What did you think about the atmosphere in class?

In my experience, teachers are easy to approach and students are always willing to help each other out. I feel supported and appreciated by the teachers, as well as the other students of the programme. I think the programme does a wonderful job in making the students feel comfortable to share and develop their perspectives on contemporary societal and environmental challenges. This safe, but challenging, environment encourages me to work on my skills and perspectives as an Anthropologist and Development Studies Scientist.

What did you find most challenging in your Master’s programme? Have you encountered any obstacles?

It is very interesting and challenging to unravel and grasp different lenses through which people perceive the (natural) world. In addition, it is fascinating to learn how these ways of seeing the world are created and maintained by culture. At the same time, I find it sometimes depressing that many people still pursue an unsustainable way of living.

The fact that, in general, humans still treat the environment very badly makes me often wonder how I will ever be able to contribute to humans living in solidarity with nature. However, the conversations and discussions with fellow students and the teachers are often very inspiring and hopeful!

What was your thesis about?

For my Master's thesis, I have conducted fieldwork in the neighbourhood of Lunetten, in the city of Utrecht. I focused on the establishment and perception of human-plant relations in domestic gardens. One of the questions I asked myself was: How do people reflect on the presence of weeds in their gardens?
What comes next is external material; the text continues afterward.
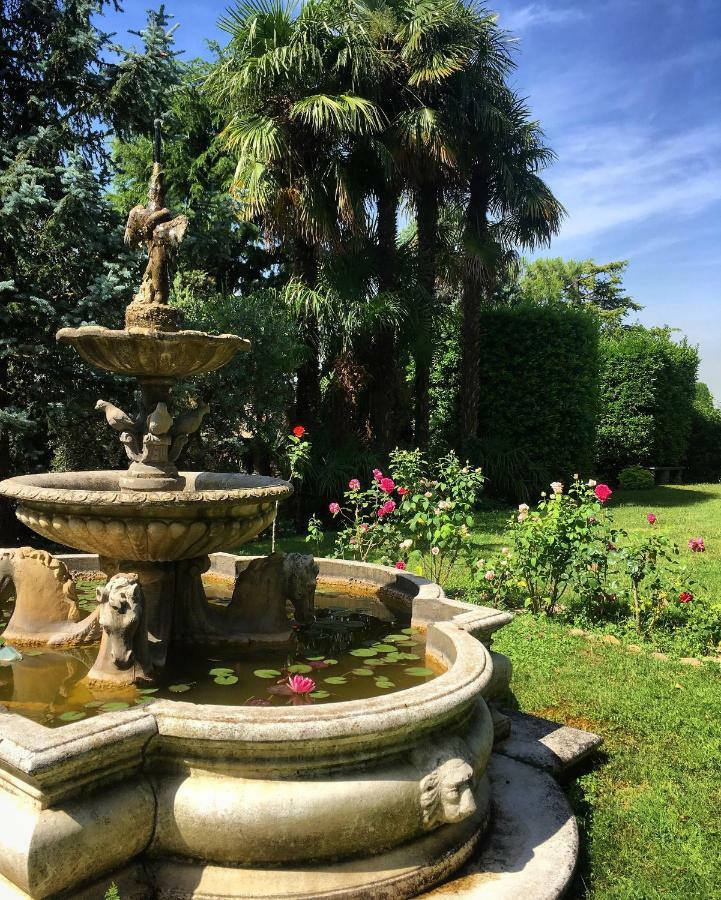 Torre De Salis Bed & Breakfast Gussago Dış mekan fotoğraf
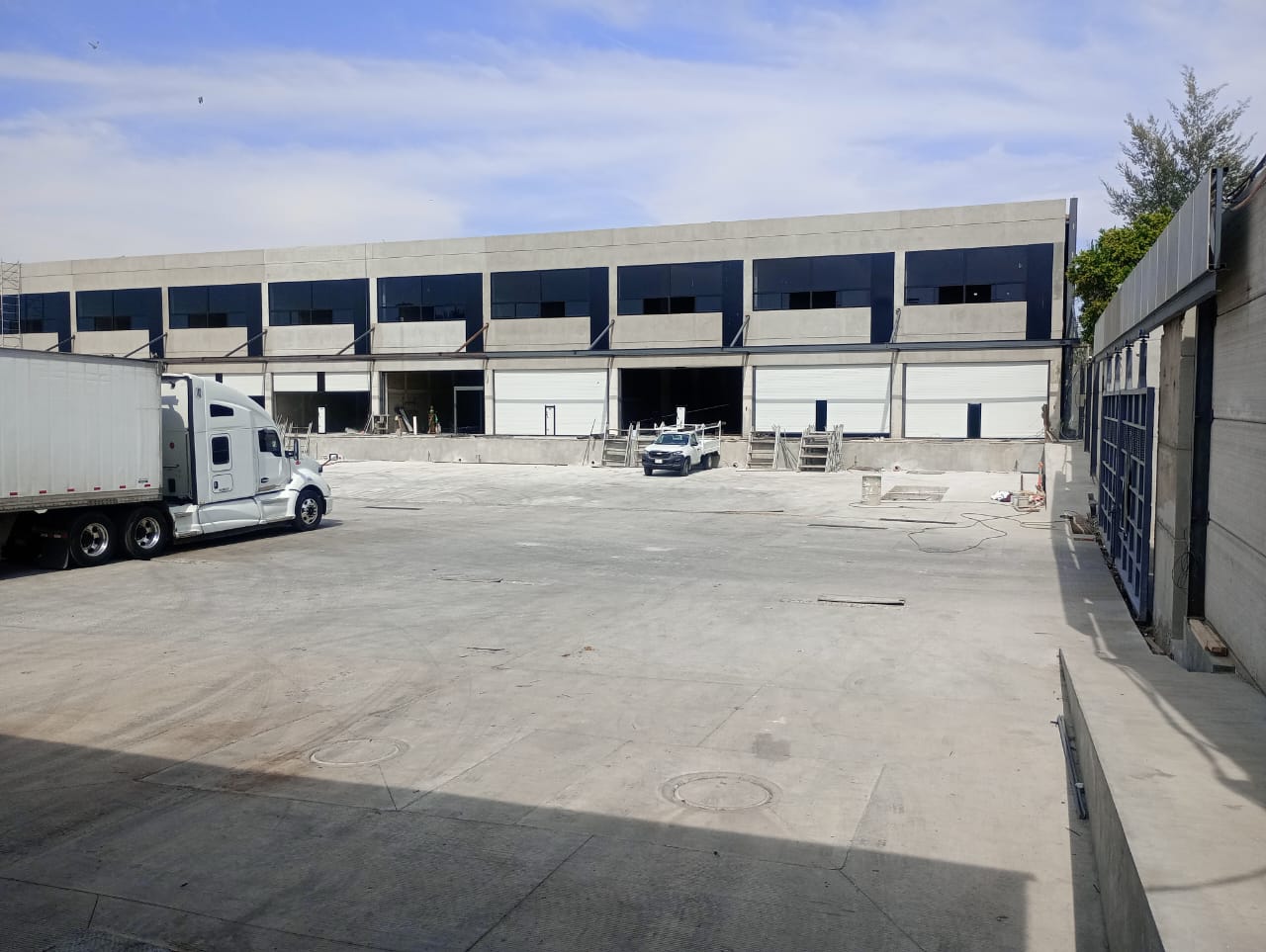BODEGAS EN RENTA EN LOMAS DE ZAPOPAN — foto 3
In conducting this research I collaborated with the Foundation 'Steenbreek' and the Foundation 'Present Utrecht'. They focus on making domestic gardens greener in order to improve the city's biodiversity. During this fieldwork period, I was in close contact with the residents of the neighbourhood, learning from them through in-depth interviews and participant observations. This research made me see the natural world of the domestic garden through many new perspectives.
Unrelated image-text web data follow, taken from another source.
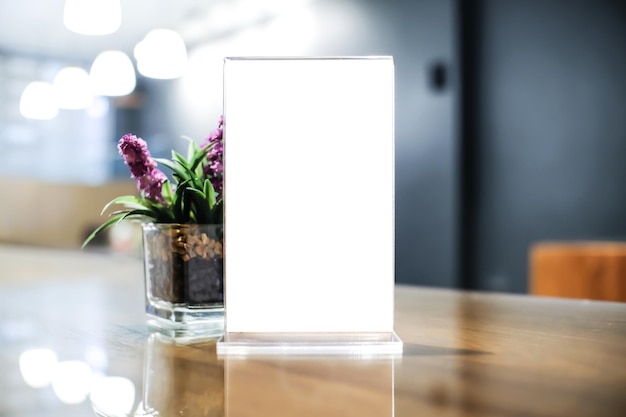 Photo close-up of white flower vase on table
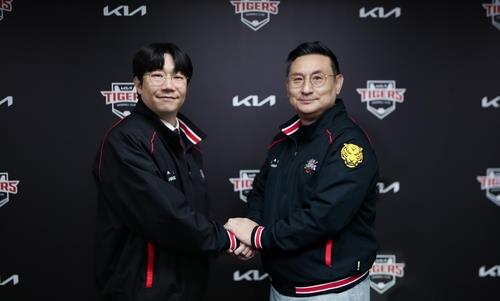 Tigers re-sign free agent pitcher Yang Hyeon-jong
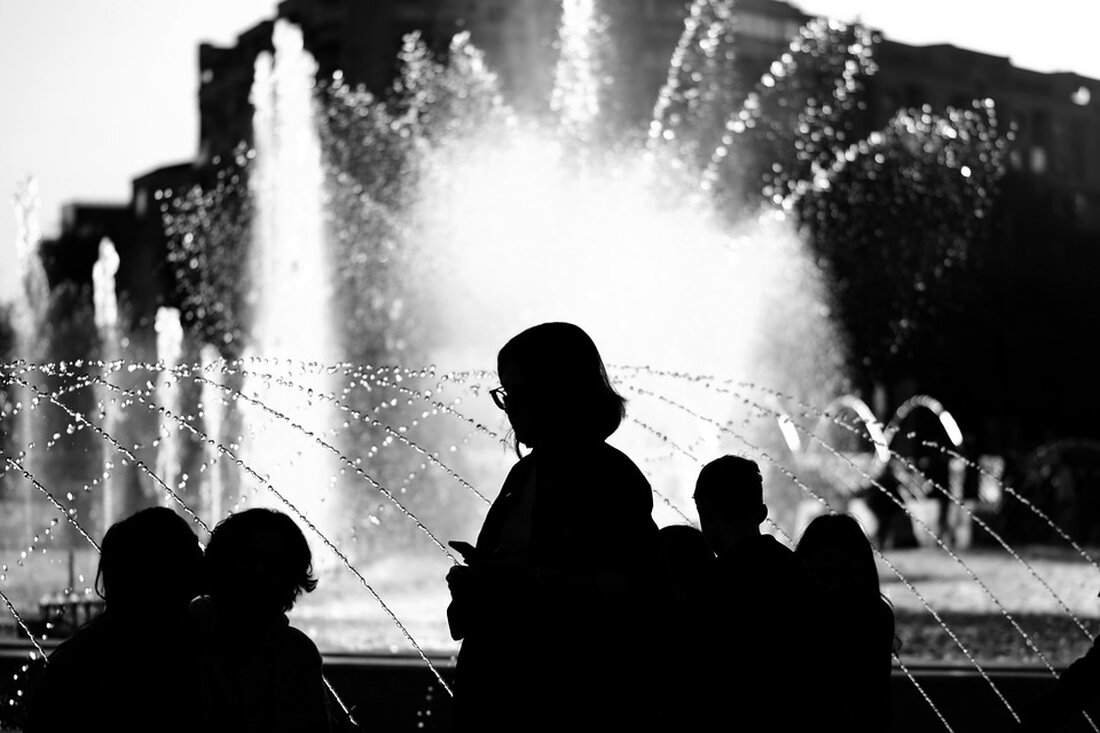 Ein 48-Jähriger verfolgt einen 18-Jährigen mit einer Machete in Wels. Die Streifenpolizei greift schnell ein. Erfahren Sie mehr über diesen außergewöhnlichen Vorfall und die Polizeiaktion.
Why do you think it is important that there are people out there with this degree?

Anthropologists and Development Studies Scientists are not only able to grasp a proper understanding of people’s beliefs and life choices, but they also have adopted strong (social) skills to connect and work with, people and their worldviews. Because of this, they are able to connect different groups of people and their ideas. In addition, I think they are well equipped to translate these perspectives in concrete policies and interventions which we need to make the world a more sustainable place.
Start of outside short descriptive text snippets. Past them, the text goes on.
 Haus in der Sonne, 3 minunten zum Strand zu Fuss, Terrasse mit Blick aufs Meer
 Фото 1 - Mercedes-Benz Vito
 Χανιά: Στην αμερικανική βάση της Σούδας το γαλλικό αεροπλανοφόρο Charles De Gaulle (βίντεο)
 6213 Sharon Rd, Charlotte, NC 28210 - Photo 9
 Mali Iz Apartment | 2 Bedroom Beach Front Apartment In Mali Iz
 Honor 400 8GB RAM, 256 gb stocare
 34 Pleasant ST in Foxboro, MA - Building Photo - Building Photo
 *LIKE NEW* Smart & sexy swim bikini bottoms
I am very glad that I have developed these skills and perspectives and I would like to raise more awareness for how normative ideas on human-nature interactions are constructed, how they influence our actions, and how these ideas can be transformed into more sustainable worldviews. I can imagine myself doing this in various ways. For example as a project coordinator that works on projects that aim to connect humans and nature; as a teacher who tries to create more awareness for these topics among students; or as a researcher conducting my own societal relevant research on human-plant relations.